Small household appliances such as toasters, kettles and microwaves are not normally given as Christmas presents. But some families replace kitchen gadgets before the arrival of the family for the traditional meal. About 90 per cent of household electrical appliances are dumped in landfill sites. That amounts to 80,000 tons, just 8 per cent of the weight but 31 per cent of the total volume of electrical goods that are dumped.
The Christmas feast and entertaining family and friends creates mountains of waste. Shops are said to have sold 16 million turkeys, 830 million sprouts and 12 million jars of pickles, yet 30 to 40 per cent of all festive food is wasted by farmers, shops or families. This year, Britons will consume the contents of an extra 750 million bottles and jars and 500 million drinks cans, most of which will be thrown out with the rubbish. Turkey foil wrap alone will create 3,000 tons of waste.
Getting the latest model is still a priority for many, as manufacturers hawk the next generation of phones. Their desirability is likely to increase as 3G handsets resemble mini-televisions. Yet only between 10 and 15 per cent of handsets are recycled. Like computers and televisions, mobiles are full of nasties. The batteries are the most toxic and contain lithium, nickel and cadmium.
The boom in Internet shopping has resulted in 70 million parcels being delivered this Christmas, compared to 55 million last year, the Royal Mail estimates. Most of the bulky packaging in parcels will end up in the bin, when it could be recycled and pulped for re-use. An estimated 83 square kilometres of wrapping paper will be ripped off presents during the festive season. At normal times of year, 20 per cent of our rubbish is board and paper. Eighty per cent of people have access to a curbside collection scheme to collect paper and cardboard packaging.

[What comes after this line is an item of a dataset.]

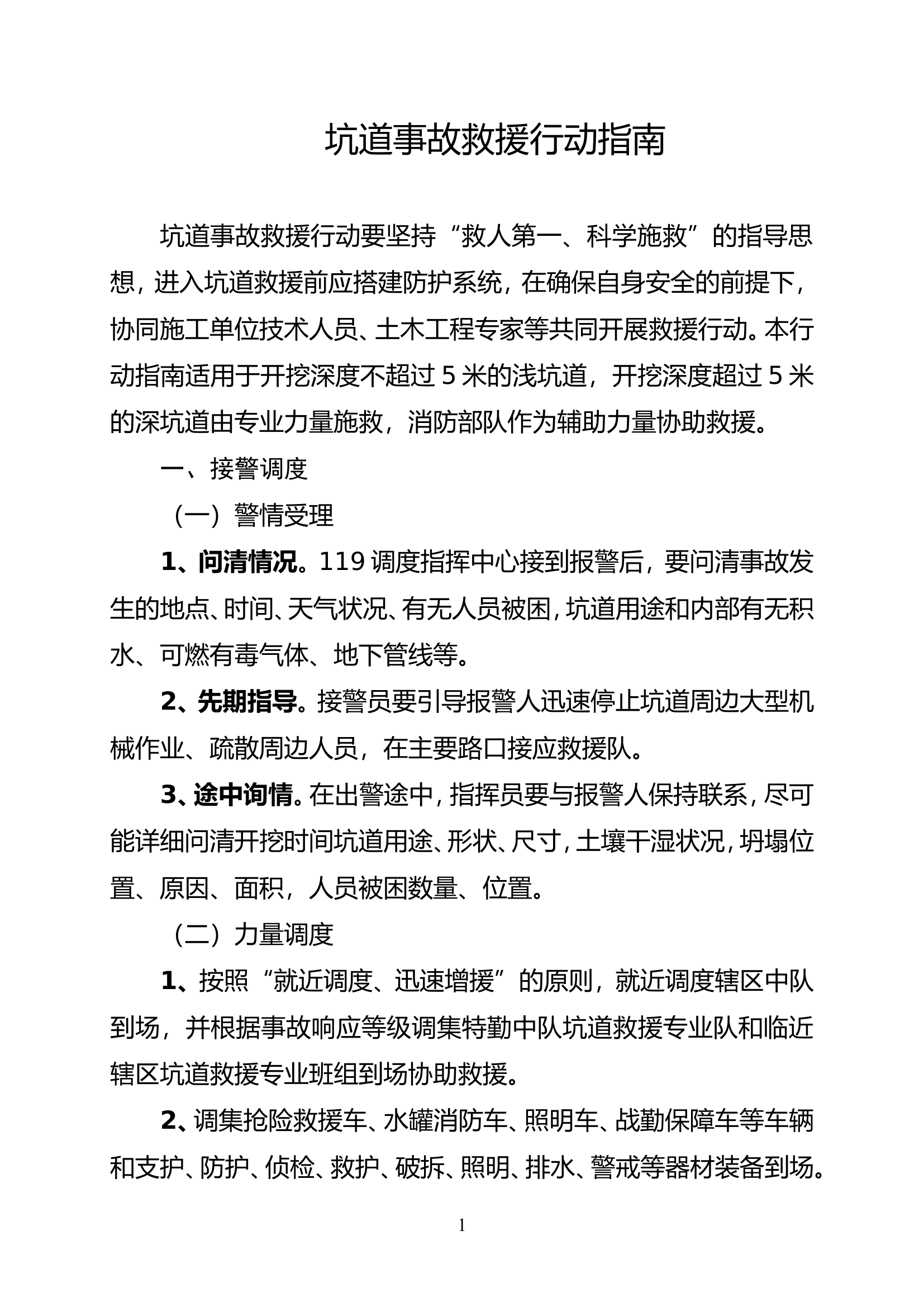 坑道事故救援实战指南.doc 第1页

Family and friends will spend £181 on toys for the average child with each child expecting to receive 10 presents on top of those from parents. But 41 per cent of them will be broken within three months, according to a poll by the Children's Mutual savings society. Because of the difficulty of recycling heavy plastics, most of these will head for the tip. Few are made of wood and materials that, unlike plastic, are not made with oil. Hardly any batteries are recycled, despite the poisons they contain.
About eight million have been bought for homes. About 1.2 million will be recycled and turned into woodchip or mulch, by local authorities, many of which arrange collections. But seven million will be left to rot in back yards or gardens or thrown out with the household rubbish, creating methane, which is a potent greenhouse gas.